At the North-South Ministerial Council in May 2026, it emerged that the Government is to fund a new air route linking Dublin Airport with the City of Derry Airport.
The North-South Ministerial Council (NSMC) published the communiqué of its plenary meeting on 11 May 2026, confirming support for a Public Service Obligation (PSO) air service between Dublin Airport and City of Derry Airport.
The Irish Government announced funding for the route in November 2025. The NSMC statement re-affirms the joint commitment and sets a launch target of late 2026.
The service is expected to run at least twice daily and is to be tendered under EU PSO rules, with subsidy designed to guarantee frequency on route which may not be commercially profitable.
For business travellers, the 45-minute flight will cut journey times compared with a three-hour road trip and provide a same-day return option that rail cannot yet match.
The connection is also seen as an important symbol of the Shared Island agenda, enhancing economic ties and labour mobility between the North and the Republic.

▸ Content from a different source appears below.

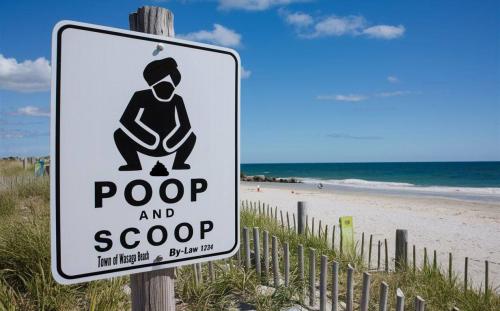 IMG_20250612_151758_277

If confirmed, the route will mark the third domestic route on this island, with Dublin Airport already offering flights to Kerry and Donegal. However, the Dublin-Kerry route is no longer run under the aegis of the PSO scheme, with Ryanair operating the route on a for-profit basis.
The PSO scheme once funded regional routes connecting Dublin to Cork, Waterford, Derry, Donegal, Galway, Sligo, and Kerry, but post-Great Recession austerity measures prompted the governments of Brian Cowen and Enda Kenny to significantly reduce spending on the scheme.
The cuts in funding were also enabled by a significant increase in the State’s road infrastructure capacity throughout the mid-2000s, which made Cork, Waterford, and Galway in particular more accessible from Dublin via road.
It is not yet clear which airline will operate the route.